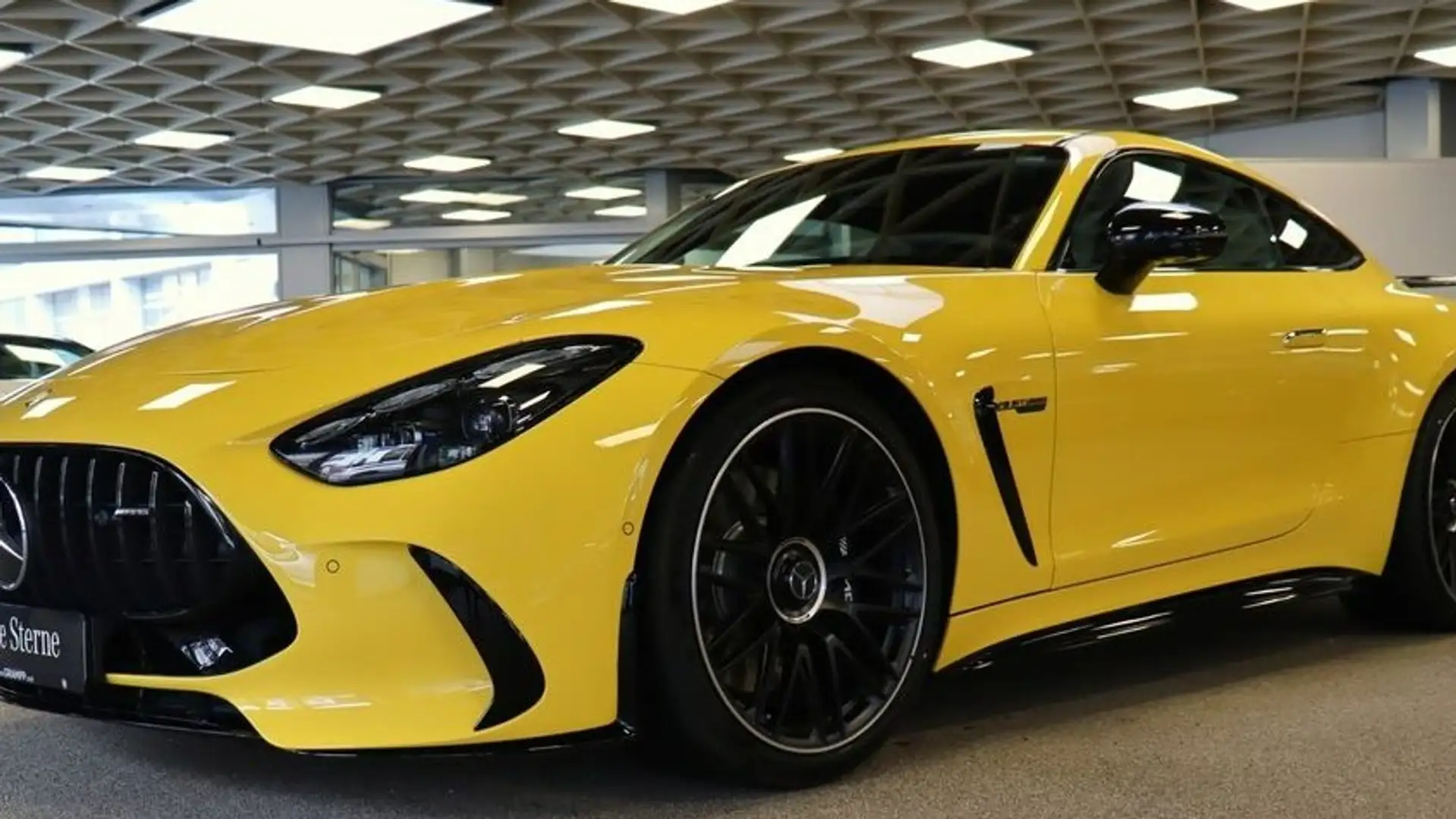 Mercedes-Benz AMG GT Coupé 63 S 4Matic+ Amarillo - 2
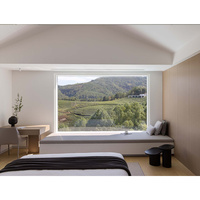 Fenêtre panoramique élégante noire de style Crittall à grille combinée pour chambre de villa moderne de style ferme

::::

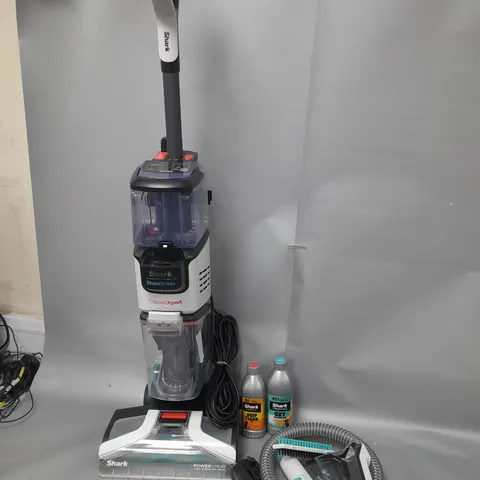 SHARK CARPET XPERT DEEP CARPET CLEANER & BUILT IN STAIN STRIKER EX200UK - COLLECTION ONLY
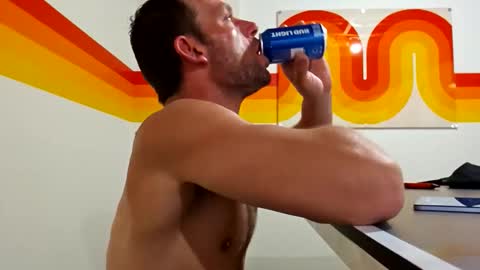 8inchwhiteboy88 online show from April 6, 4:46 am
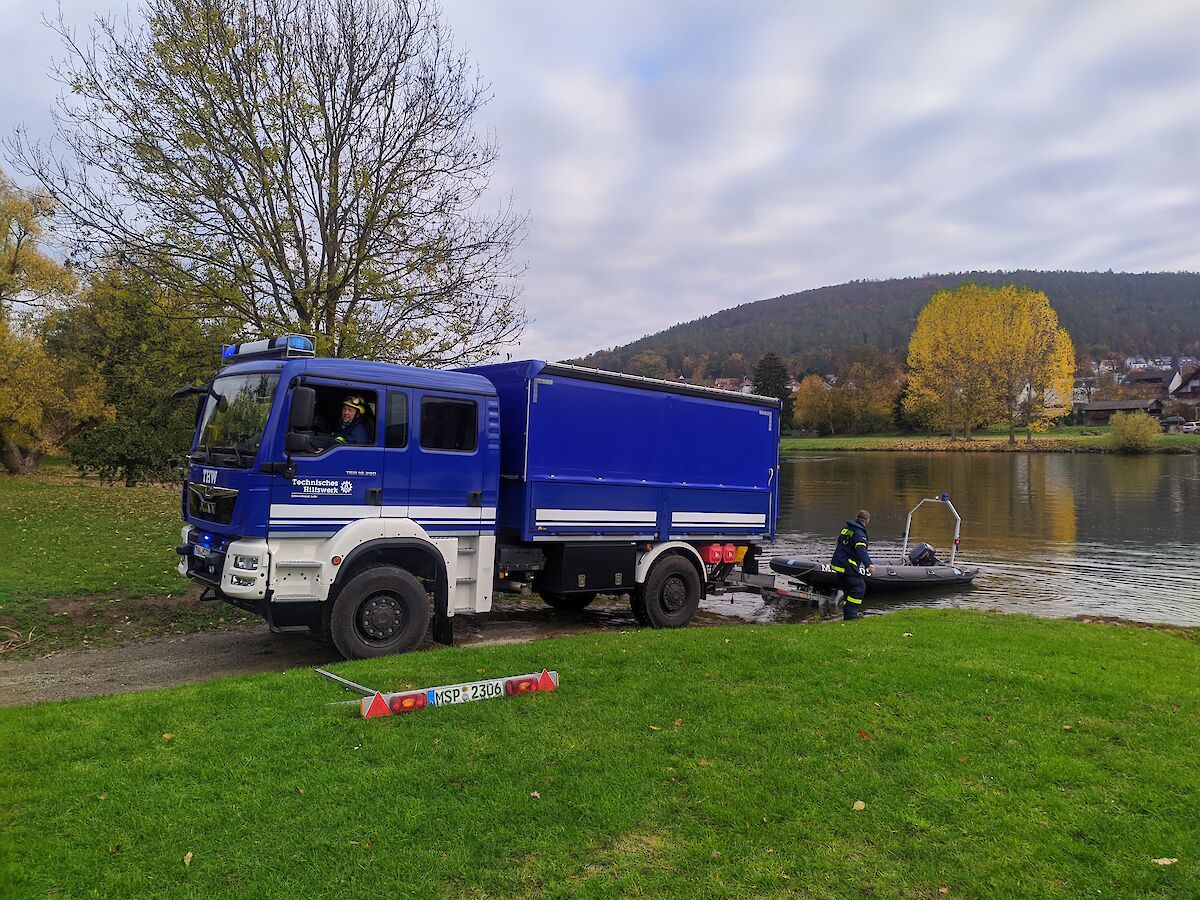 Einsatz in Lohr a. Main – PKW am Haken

::::

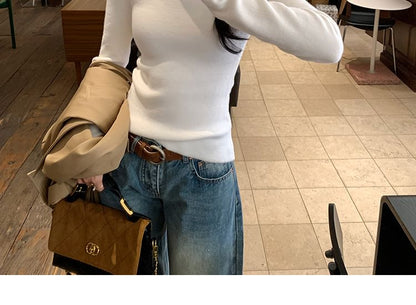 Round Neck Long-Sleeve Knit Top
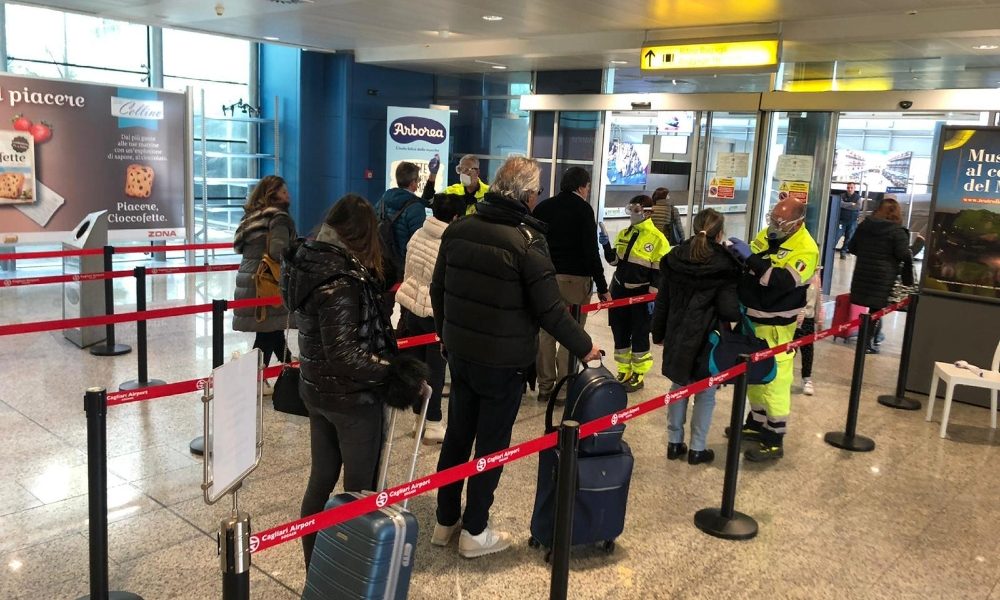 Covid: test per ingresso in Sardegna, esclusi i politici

::::

» What to produce
The reply should hold exactly the lines above, starting at the line with "Mercedes-Benz AMG GT" and ending at the line with "Fenêtre panoramique élégante", and no pictures.

» Written solution
 Mercedes-Benz AMG GT Coupé 63 S 4Matic+ Amarillo - 2
 Fenêtre panoramique élégante noire de style Crittall à grille combinée pour chambre de villa moderne de style ferme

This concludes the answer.